▶ WORK TASK:
Transcribe exactly the lines below that begin at the line with "Beautiful funny young" and stop after the line with "Trash Free Waters", leaving out every picture.

▶ THE DATA:
########

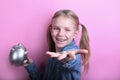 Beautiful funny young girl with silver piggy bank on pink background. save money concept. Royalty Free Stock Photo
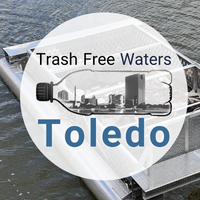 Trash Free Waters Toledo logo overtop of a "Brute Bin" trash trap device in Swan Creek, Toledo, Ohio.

########

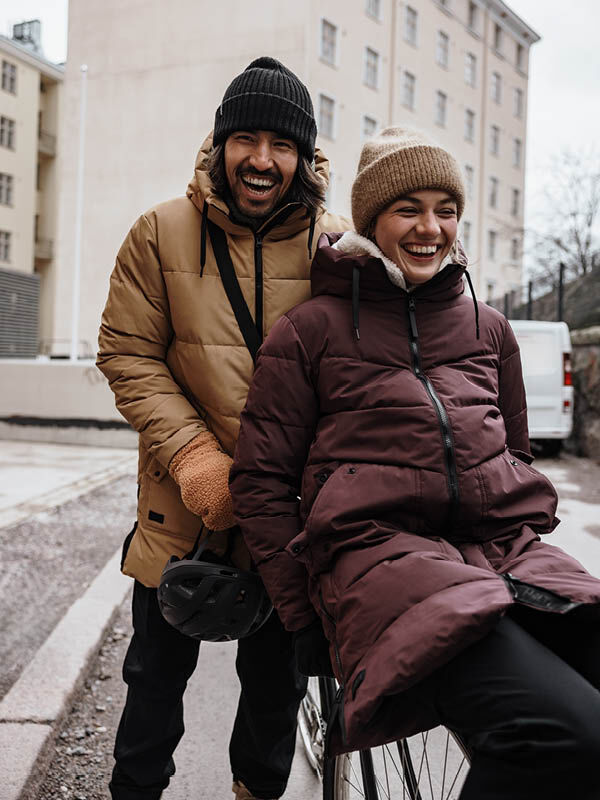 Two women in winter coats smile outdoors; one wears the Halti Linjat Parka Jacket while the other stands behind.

########

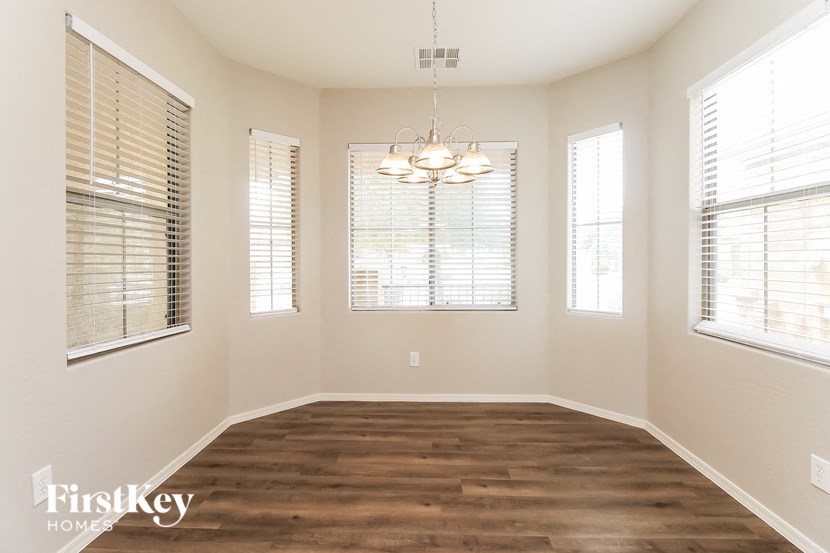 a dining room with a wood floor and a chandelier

########

▶ EXERCISE SOLUTION:
 Beautiful funny young girl with silver piggy bank on pink background. save money concept. Royalty Free Stock Photo
 Trash Free Waters Toledo logo overtop of a "Brute Bin" trash trap device in Swan Creek, Toledo, Ohio.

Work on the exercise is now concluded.